Journal of Virology ◽

10.1128/jvi.01215-16 ◽

2016 ◽

Vol 90 (22) ◽

pp. 10065-10073 ◽

Cited By ~ 4

Author(s):

Shilei Ding ◽

Halima Medjahed ◽

Jérémie Prévost ◽

Mathieu Coutu ◽

Shi-Hua Xiang ◽

...

Keyword(s):

Human Immunodeficiency Virus ◽

Simian Immunodeficiency Virus ◽

Conformational Changes ◽

Viral Entry ◽

Chemokine Receptors ◽

Immunodeficiency Virus ◽

Layer 2 ◽

Hiv 1

ABSTRACT Binding of human immunodeficiency virus type 1 (HIV-1) and simian immunodeficiency virus (SIV) gp120 exterior envelope glycoprotein to CD4 triggers conformational changes in gp120 that promote its interaction with one of the chemokine receptors, usually CCR5, ultimately leading to gp41-mediated virus-cell membrane fusion and entry. We previously described that topological layers (layer 1, layer 2, and layer 3) in the gp120 inner domain contribute to gp120-trimer association in the unliganded state but also help secure CD4 binding. Relative to layer 1 of HIV-1 gp120, the SIVmac239 gp120 layer 1 plays a more prominent role in maintaining gp120-trimer association but is minimally involved in promoting CD4 binding, which could be explained by the existence of a well-conserved tryptophan at position 375 (Trp 375) in HIV-2/SIVsmm. In this study, we investigated the role of SIV layer 3 in viral entry, cell-to-cell fusion, and CD4 binding. We observed that a network of interactions involving some residues of the β8-α5 region in SIVmac239 layer 3 may contribute to CD4 binding by helping shape the nearby Phe 43 cavity, which directly contacts CD4. In summary, our results suggest that layer 3 in SIV has a greater impact on CD4 binding than in HIV-1. This work defines lineage-specific differences in layer 3 from HIV-1 and that from SIV. IMPORTANCE CD4-induced conformational changes in the gp120 inner domain involve rearrangements between three topological layers.
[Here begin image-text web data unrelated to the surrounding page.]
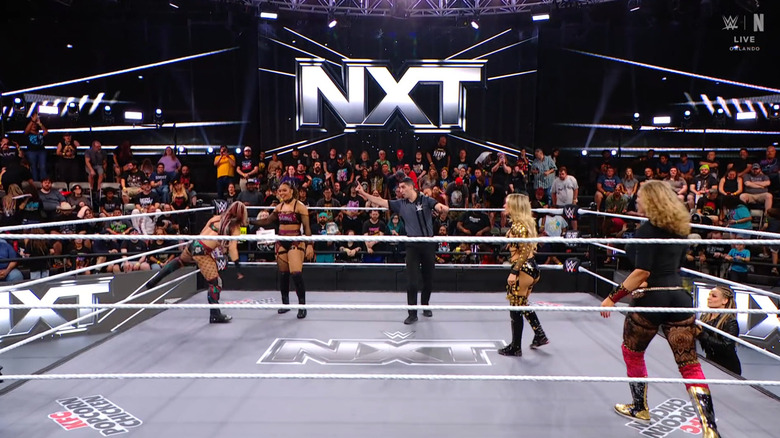 All four women inside the ring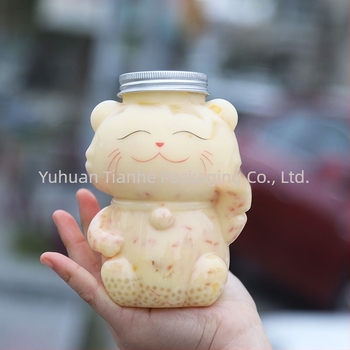 500 ml debelo prozirna PET plastična čaša za mliječni čaj, dekorativno piće s mačkom sreće Maneki-Neko, boca neobičnog oblika za sokove i hladna pića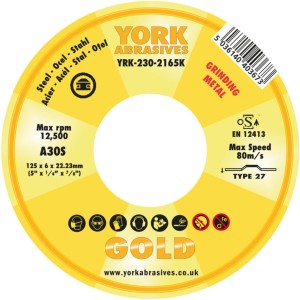 Tarcza do szlifowania 125x6x22.23mm A30S DPC York Abrasives YRK2302165K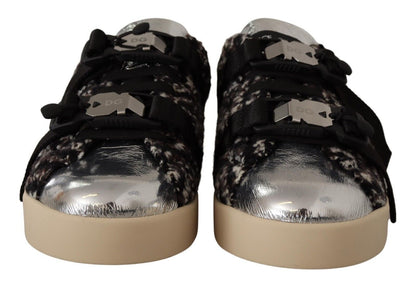Sneakers en cuir argenté et coton brun avec laine, Dolce & Gabbana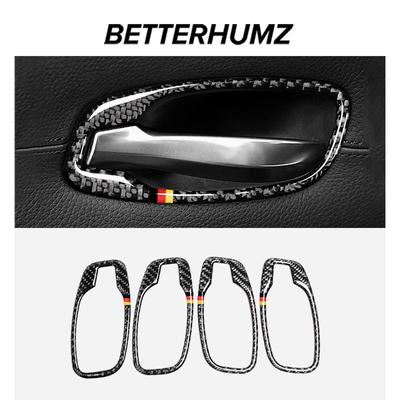For BMW E60 Series 5 2008-2010 Carbon Fiber Door Pull Handle Panel Cover Trim Sticker Decoration Tuning Car Interior Accessories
While the role of layers 1 to 3 for HIV-1 and layers 1 and 2 for SIV on gp120 transition to the CD4-bound conformation has been reported, the role of SIV layer 3 remains unknown. Here we report that SIV layer 3 has a greater impact on CD4 binding than does layer 3 in HIV-1 gp120. This work defines lineage-specific differences in layer 3 from HIV-1 and SIV.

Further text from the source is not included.